Entre chicos (me resisto aún a decir entre hombres), verbalizar lo que sentimos, hacer patente lo latente, cristalizar los sentimientos, es todavía más difícil. Hablar de Daratea es insultantemente sencillo, basta dejar volar la imaginación. Hablar de Liz requiere alguna ignota dificultad, pero transportado por su olor puede alcanzarse un cierto punto desde el que llegar a una suerte de comunicación. Líneas sobre otras personas queridas irán surgiendo con la resistencia o fluidez que dicte la siempre esquiva inspiración. Pero sin duda, desnudarse ante los ojos de una mujer es más sencillo que ante la gemela mirada de un compañero. Por eso valoro tanto estas letras de mi amigo Jesús. Por eso le digo que podría suscribir todas y cada una de las líneas que me dedica. Y por eso, le confieso que no podría encontrar mejores palabras que las que me ha dedicado.

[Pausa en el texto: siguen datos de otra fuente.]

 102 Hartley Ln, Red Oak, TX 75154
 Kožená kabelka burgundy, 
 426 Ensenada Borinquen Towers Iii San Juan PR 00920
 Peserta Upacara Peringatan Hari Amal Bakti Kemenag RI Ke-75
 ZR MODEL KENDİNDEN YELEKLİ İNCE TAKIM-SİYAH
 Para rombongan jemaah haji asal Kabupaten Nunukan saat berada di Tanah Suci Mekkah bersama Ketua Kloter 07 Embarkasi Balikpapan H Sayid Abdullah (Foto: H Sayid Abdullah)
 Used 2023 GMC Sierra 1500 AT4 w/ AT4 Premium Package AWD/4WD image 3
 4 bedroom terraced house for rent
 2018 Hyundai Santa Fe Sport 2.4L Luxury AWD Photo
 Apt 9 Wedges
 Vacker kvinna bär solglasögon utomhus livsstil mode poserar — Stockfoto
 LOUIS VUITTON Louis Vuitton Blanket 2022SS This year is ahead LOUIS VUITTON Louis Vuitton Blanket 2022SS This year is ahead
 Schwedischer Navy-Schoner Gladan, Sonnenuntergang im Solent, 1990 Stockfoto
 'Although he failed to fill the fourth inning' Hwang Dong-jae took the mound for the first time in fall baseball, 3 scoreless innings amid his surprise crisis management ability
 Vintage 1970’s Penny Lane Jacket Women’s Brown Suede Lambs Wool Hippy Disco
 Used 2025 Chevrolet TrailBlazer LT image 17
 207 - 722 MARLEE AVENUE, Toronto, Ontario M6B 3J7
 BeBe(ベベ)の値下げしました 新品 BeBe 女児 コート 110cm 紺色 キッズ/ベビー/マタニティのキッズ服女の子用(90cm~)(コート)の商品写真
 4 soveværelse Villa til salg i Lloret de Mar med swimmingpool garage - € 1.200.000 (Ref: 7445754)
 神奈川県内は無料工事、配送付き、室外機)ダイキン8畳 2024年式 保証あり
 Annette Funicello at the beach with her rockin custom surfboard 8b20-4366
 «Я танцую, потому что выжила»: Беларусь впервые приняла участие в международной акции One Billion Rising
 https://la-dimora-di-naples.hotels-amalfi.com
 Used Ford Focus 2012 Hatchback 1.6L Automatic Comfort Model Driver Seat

Si hay algo que siempre he admirado de él, son sus innatas sencillez y humildad. Con más motivos para ser admirado que cualquier persona que conozca, se alimenta por igual de la satisfacción del triunfo silencioso y del callado reconocimiento. Nunca gustó de las exaltaciones de su brillantez. Nunca alardeó de su terrible bondad, ni de su candidez humana. Nunca lamentó su retraso en la entrada al mundo adulto, ni el rechazo de aquellos que no alcanzaban a tolerar su genialidad. Convivió con esos y con otros obstáculos, y cuando los superó con gallardía y voluntad, nunca se ufanó de ello, ni cayó en las redes de la venganza. Quizá por la satisfacción del triunfo silencioso, todos los días se levanta y se entrega con amor y devoción a la vida. Quizá por eso le sonríe, y la recibe con gozo. Quizá por eso, la toma y disfruta más de lo que cualquiera de nosotros hacemos. Quizá por eso lo admiro, y busco en su aprobación la esperanza de que este viaje, el viaje de la vida, siga teniendo algo de sentido. Y junto a él, Brindo por lo desconocido.


3 comentarios:
Amén Amigo mio, amén
Quien si no usted, señor Turista, podría inaugurar la sección de Reflexiones Compartidas de este blog, de Éxodos, para Exiliados. Le saludo.